Sanık hakkında, TCK"nın 51/2. maddesine göre, cezanın ertelenmesi, mağdurun veya kamunun uğradığı zararın aynen iade, suçtan önceki hâle getirme veya tazmin suretiyle tamamen giderilmesi koşuluna bağlı tutulabileceği, koşul gerçekleşinceye kadar cezanın infaz kurumunda çektirilmesine devam edileceği, koşulun yerine getirilmesi hâlinde, hâkim kararıyla hükümlü infaz kurumundan derhâl salıverileceği hükmüne yer verildiği, malvarlığına yönelik bazı suçlarda etkin pişmanlığı düzenleyen aynı Kanun"un 168. maddesinde, failin, azmettirenin veya yardım edenin etkin pişmanlık göstererek mağdurun uğradığı zararı aynen geri verme ya da tazmin suretiyle tamamen gidermesi halinde mağdurun rızası aranmaksızın, kısmî geri verme veya tazmin halinde ise mağdurun rıza göstermesi koşuluyla ve etkin pişmanlığın gerçekleştiği yargılama aşaması dikkate alınarak ceza indirimi öngörüldüğü, öte yandan aynen geri verme veya tazmin tedbiri aynı Kanun"un 51. maddesinde bir koşul olarak gösterilmiş ise de, yasal bir indirim nedeninin, bundan yararlanmama iradesini ortaya koyan failin cezasını etkisiz kılacak biçimde aynen tazmin tedbir şartına bağlı tutulması imkanının bulunmadığı, böyle bir uygulamanın, mağdurun zararını soruşturma veya kovuşturma aşamalarında gidermeyen faillere yeni bir olanak tanırken, soruşturma veya kovuşturma aşamalarında zararı ödeyen sanık aleyhine ve adalete aykırı bir sonuç doğuracağı, maddenin düzenleniş amacının da bu şekilde yorumlanamayacağı gözetilmeyerek etkin pişmanlık hükümlerinden yararlanmayan sanık hakkında ertelemenin, katılanın uğradığı zararın giderilmesi şartına tabi tutulması aleyhe temyiz olmadığından bozma nedeni yapılmamıştır.

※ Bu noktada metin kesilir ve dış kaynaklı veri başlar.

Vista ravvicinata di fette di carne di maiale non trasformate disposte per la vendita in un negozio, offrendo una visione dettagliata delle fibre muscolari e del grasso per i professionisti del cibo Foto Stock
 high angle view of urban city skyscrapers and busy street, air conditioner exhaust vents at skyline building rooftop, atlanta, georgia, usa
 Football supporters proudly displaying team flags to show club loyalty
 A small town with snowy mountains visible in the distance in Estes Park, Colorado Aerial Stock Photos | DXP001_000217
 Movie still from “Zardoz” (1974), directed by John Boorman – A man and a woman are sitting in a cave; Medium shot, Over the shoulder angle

Yapılan yargılamaya, toplanıp karar yerinde gösterilen delillere, mahkemenin kovuşturma sonuçlarına uygun olarak oluşan kanaat ve takdirine, incelenen dosya kapsamına göre sair temyiz itirazlarının reddine, ancak;
1- 02/12/2016 tarih ve 29906 sayılı Resmi Gazetede yayımlanarak yürürlüğe giren 6763 sayılı Kanun"un 34. maddesi ile değişik 5271 sayılı Kanun"un 253. maddesinin (b) bendine eklenen 6. alt bendi ile TCK"nın 157. maddesinde düzenlenen basit dolandırıcılık suçunun uzlaştırma kapsamına alınmış olması ve bu düzenlemenin sanık lehine olması karşısında; söz konusu kanun değişikliğine göre, sanığın hukuki durumunun yeniden değerlendirilmesinde zorunluluk bulunması,
Kabule göre de;
2- Yargıtay Ceza Genel Kurulunun 19.06.2007 tarih ve 2007/10-108 E.,2007/152 K. sayılı ilamında da belirtildiği gibi yasa koyucunun ayrıca adli para cezası öngördüğü suçlarda, hapis cezasının alt sınırdan tayini halinde mutlak surette adli para cezasının da alt sınırdan tayini gerektiği yönünde bir zorunluluk bulunmamakta ise de, yeterli ve yasal gerekçe gösterilmeksizin adli para cezasının alt sınırın üzerinde 30 gün olarak tayin edilmesi,
Bozmayı gerektirmiş, sanık müdafii ve katılan vekilinin temyiz itirazları bu itibarla yerinde görüldüğünden hükmün 5320 sayılı Kanun"un 6723 sayılı Kanun"un 33. maddesi ile değişik 8/1 maddesi gereğince uygulanması gereken 1412 sayılı CMUK"nın 321. maddesi uyarınca BOZULMASINA, 21.12.2016 tarihinde oybirliği ile karar verildi.